EIn Paar hält sich an den Händen und lässt fast los
Eine weltweite Studie über Liebe in 45 Ländern ergab: Deutsche sind weniger liebevoll in Beziehungen als Paare in Portugal, Italien oder den USA
© Jennifer van Son/ Imago
Für eine groß angelegte, weltweite Studie über Liebe wurden Menschen in 45 Ländern befragt. Das Ergebnis: In Deutschland sind Beziehungen im Vergleich zu Ländern wie Italien, Portugal und Spanien weniger liebevoll. Das kann auch an den Temperaturen liegen

Um kulturelle Unterschiede bei Liebeserfahrungen zu testen, haben Forschende eine groß angelegte Studie über romantische Beziehungen in 45 Ländern durchgeführt.

Ein internationales Team von fast 100 Wissenschaftler*innen hat dafür 9.474 Personen aus 45 verschiedenen Ländern befragt. Die Studienteilnehmer waren alle über 18 Jahre. Sie mussten in einem Fragebogen angeben, wie liebevoll ihre Beziehungen sind. Dafür sollten sie von einer Skala von 1 (trifft überhaupt nicht zu) bis neun (trifft vollkommen zu) einschätzen, wie sehr unter anderem folgende Aussagen auf die Beziehung zutreffen: "Wenn ich meinen Partner brauche, kann ich auf ihn zählen." "Die Beziehung mit meinem Partner ist romantisch." Oder: "Die Beziehung mit meinem Partner ist leidenschaftlich."

Studie über Liebe in 45 Ländern: Je kälter das Wetter, umso kälter die Beziehung?

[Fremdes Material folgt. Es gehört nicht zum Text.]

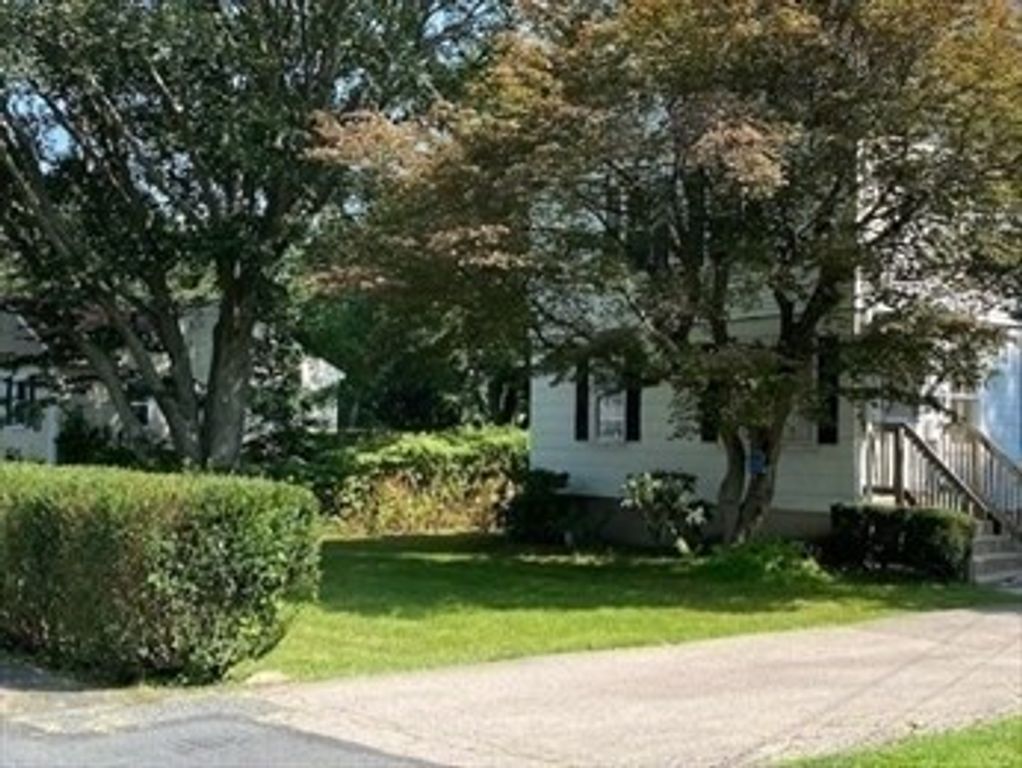 66 Spring Rd 3, Needham, MA 02494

Die Wissenschaftler*innen untersuchten für die Studie folgende Faktoren, welche laut der Forschenden die Liebe beeinflussen könnten:

  • Modernisierung (Human Development Index, World Modernization Index): Gesundheitsversorgung, Bildung, Innovation im Land. Können Kulturen mit höherem Modernisierungsindizes eine intensivere Liebe erfahren und emotionaler mit ihren Partnern verbunden sein?
  • Gleichstellung der Frau (Gender Inequality Index)
  • Kollektivismus: Dies ist die Anschauung, dass das Kollektiv bzw. die Gruppe Vorrang gegenüber dem Individuum hat. Bei der Studie wurde untersucht, inwieweit der Kollektivismus, etwa in Indien, die Partnerwahl und die Akzeptanz arrangierter Ehen beeinflusst. Wie steht es hier um die Liebe? Im Individualismus, wie etwa in den USA, wird Liebe hingegen als Grundlage für die Ehe angesehen.
  • Durchschnittstemperatur des Landes: Korreliert eine höhere Durchschnittstemperatur mit wärmeren Gefühlen?

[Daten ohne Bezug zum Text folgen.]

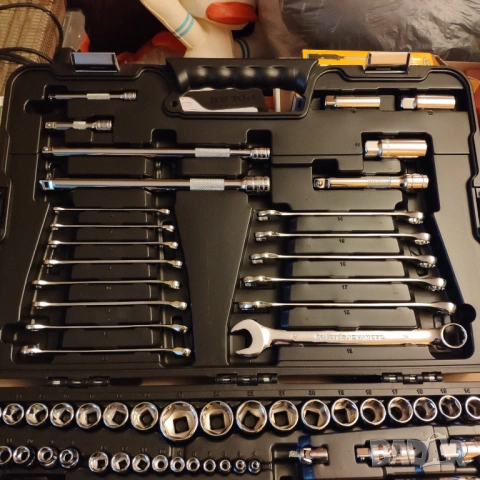 Halfords Advanced 150части 1/4 3/8 1/2 гедоре /гидория къси дълги вложки ключове комплект, снимка 6 - Куфари с инструменти - 52920145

Die Forschenden untersuchten laut ihrer Publikation, die im Wissenschafts-Magazin "Nature" veröffentlicht wurde, "welche kulturellen und umweltbedingten Faktoren am relevantesten für Liebeserfahrungen sein könnten." Unter den 9.474 ausgefüllten Fragebögen nahmen die Wissenschaftler*innen Stichproben, um so Aussagen über die Länder treffen zu können. Sie untersuchten die Komponenten Leidenschaft und Intimität und kontrollierten in den Analysen auch, wie der Sex der Paare erlebt wird.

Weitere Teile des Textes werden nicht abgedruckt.